En el caso de Prokófiev ganan terreno lo satánico y lo sobrenatural, dos elementos un tanto apaciguados en la propuesta de Bieito, mucho más terrenal, aunque el exorcismo final sigue teniendo su razón de ser, aquí más alejada de las resonancias del simbolismo ruso y mucho más próximo a las mismas claves con las que Benjamin Britten dibujó a individuos oprimidos por sus comunidades (Peter Grimes, Billy Budd, etc).
Dicho todo esto, la propuesta se sotiene de modo muy atinado en la escenografía circular de Rebecca Ringst que recrea las diversas estancias del alma de Renata, en correspondencia con los episodios traumáticos de su pasado, incluyendo una habitación infantil y un gabinete de ginecología, como piezas sueltas del puzzle de la memoria de la protagonista que vamos descubriendo conforme avanza la representación.

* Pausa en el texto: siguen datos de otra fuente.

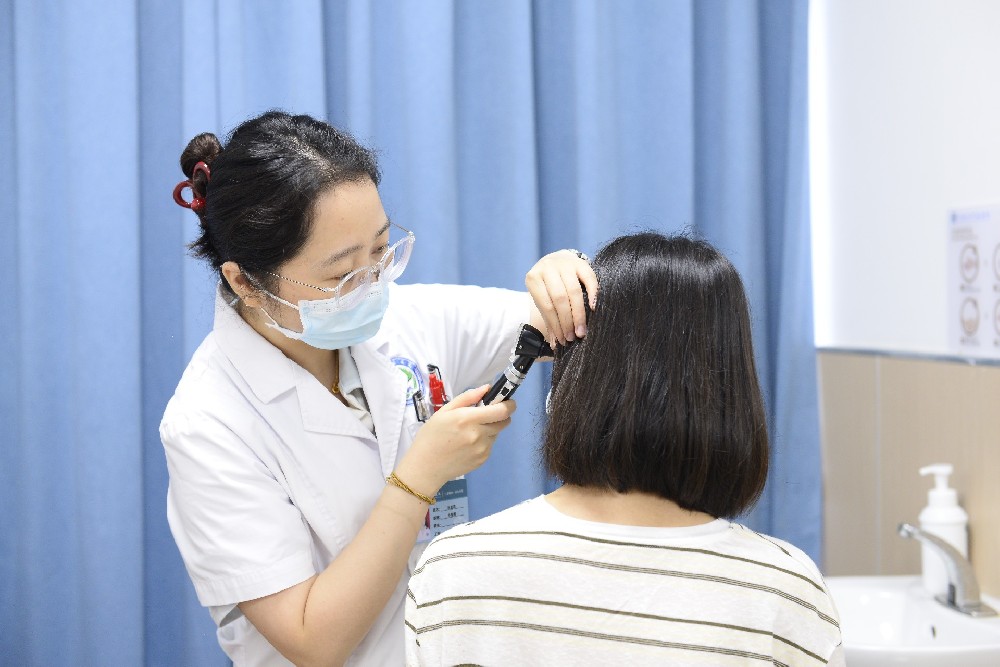 别再乱掏了！你的耳朵其实会自己“洗澡”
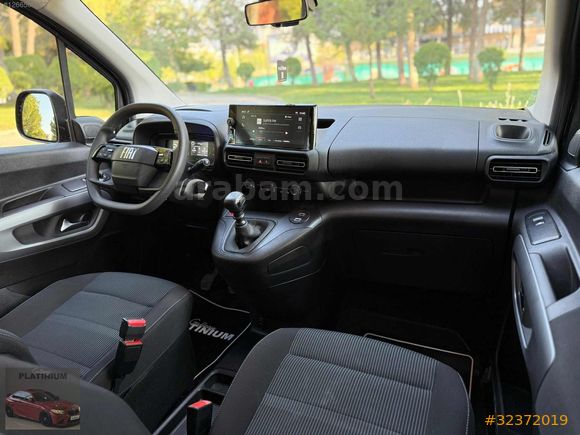 PLATINIUM'dn 2025 HATASZ DOBLO 1.2 PURETECH EASY %20FAT 27.000KM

En el terreno vocal, la soprano lituana Ausrine Stundyte resultó una intérprete ideal para el rol de Renata, con unos medios poderosos y sonoros, de timbre un tanto agrio, aunque bien domeñados y ciertamente desvocada como intérprete, un verdadero animal escénico que sostiene a sus espaldas el pulso de la representación con una entrega y resistencia descollantes. No se puede pedir más, en su caso, incluso en los episodios escénicos sin música, entre un acto y el siguiente, su magnetismo era extraordinario.

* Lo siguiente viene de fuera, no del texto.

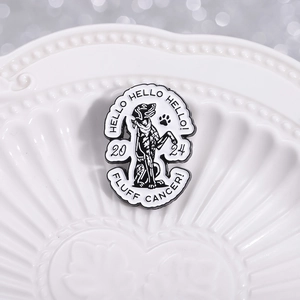 Pin's émaillé motif chien avec texte HELLO et design géométrique noir et blanc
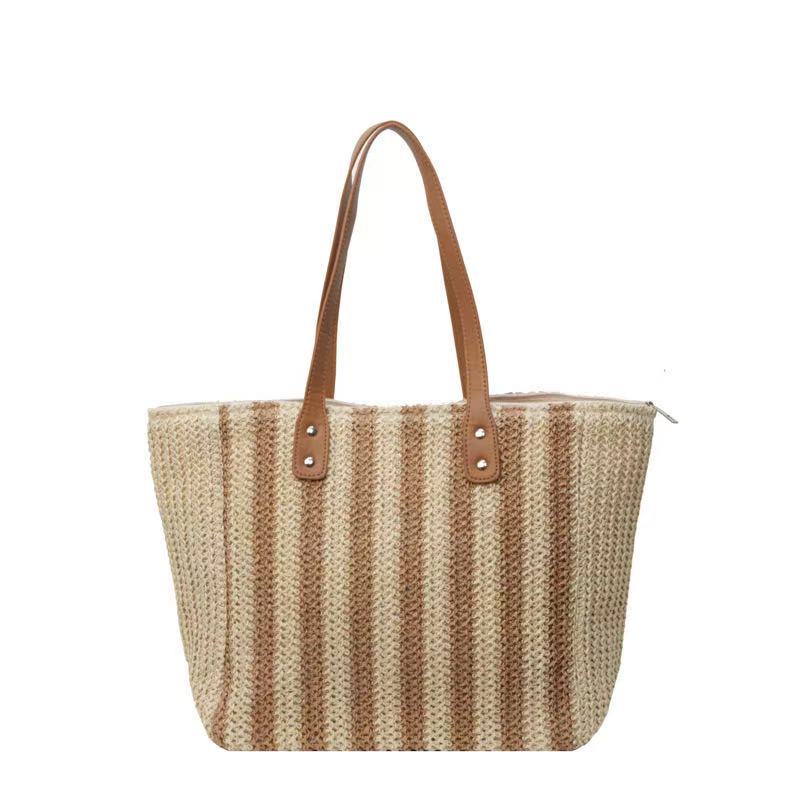 Handcrafted beach bag with structured stripe pattern Bowlift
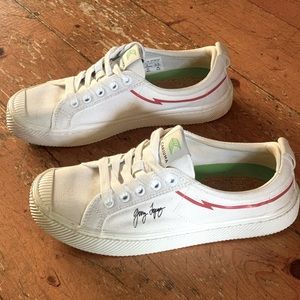 Cariuma Gerry Lopez collector’s edition OCA off white canvas shoes. Women’s 7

Stundyte contó con la réplica del barítono británico Leigh Melrose en la parte de Ruprecht, un rol sumamente físico, extenuante, extremo como casi todo en esta ópera. Es justo poner en valor su entrega total, denodada, y su magnífico trabajo con la lengua rusa.
Intachable el resto del cast, con voces rayando a un nivel realmente alto, como Dmitry Golovnin en su doble cometido como Agrippa y Mefistófeles, con un instrumento restallante, o Agnieszka Rehlis en su doble rol como madre superiora y vidente, con una voz sonora y profunda. También fue un lujo contar con Mika Kares en la parte del inquisidor, así como Nino Surguladze como posadera y Dmitry Ulyanov como Fausto.

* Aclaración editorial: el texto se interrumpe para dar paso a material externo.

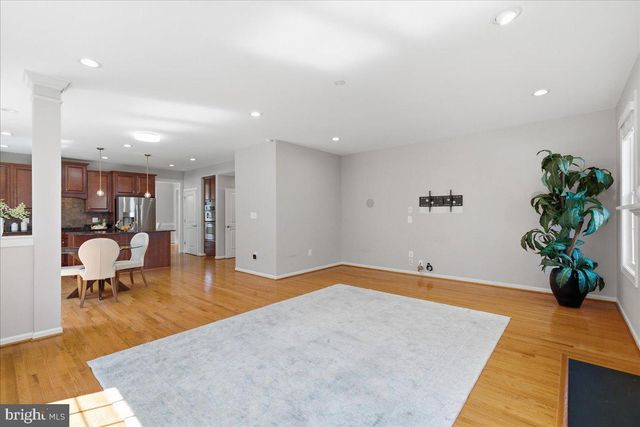 23276 FALLEN HILLS DR, Brambleton, VA 20148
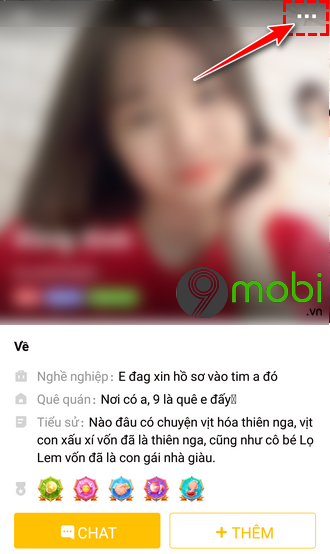 chan mot ai do tren hago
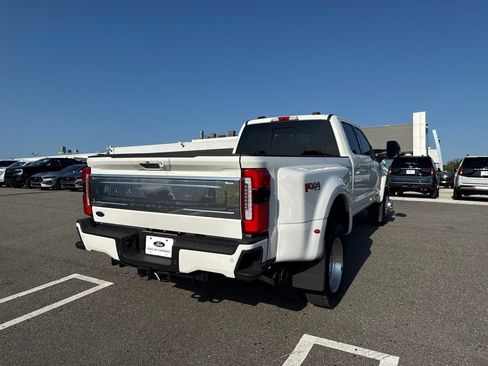 Used 2024 Ford F450 Platinum w/ FX4 Off-Road Package AWD/4WD image 2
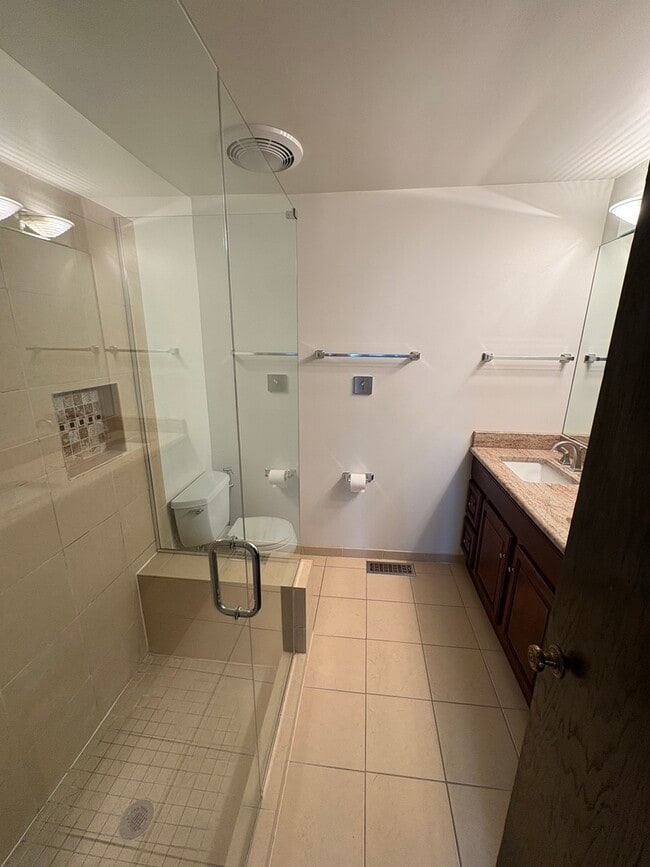 Building Photo - 1800 Montgomery Ct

Loable el esfuerzo por incorporar voces españolas de probada eficacia en los roles comprimarios, desde el resolutivo Josep Fadó hasta jóvenes voces emergentes como las sopranos Estibaliz Martyn y Anna Gomá, pasando por las rotundas voces de Gerardo Bullón y David Lagares.
En todo caso, nada de lo anterior hubiera funcionado igual de no ser por el altísimo nivel de la lectura musical que disfrutamos en esta ocasión. Y es que hacía tiempo que el foso del Teatro Real no sonaba de un modo tan espléndido, con la Sinfónica de Madrid superándose a sí misma (costaba creer que fuese la misma que en el Ocaso de hace unas semanas), realmente estimulante en su ejecución, convenientemente espoleada por la batuta del español Gustavo Gimeno, en su debut en el coliseo madrileño. La dirección del maestro valenciano imprimió un extraordinario relieve a la partitura de Prokófiev, encontrando el punto exacto entre el análisis y la tragedia, entre la nitidez y la expresividad.
Gimeno no renuncia a los momentos más electrizantes y monumentales de la obra, aunque priorizando siempre la transparencia en su manejo de la partitura, que suena aquí con una asombrosa lógica interna. Gimeno se descubre además como un excelente concertador de foso, dando todas y cada una de las entradas a los solistas, con un nivel de detalle asombroso. A lo largo de la representación la tensión orquestal fue in crescendo, creándose un clima obsesivo y angustioso, alcanzando su climax en el complejo y estremecedor exorcismo final. Igualmente, los intermedios orquestales sonaron poderosos y arrolladores. En conjunto, una visión musical epatante, de primer nivel.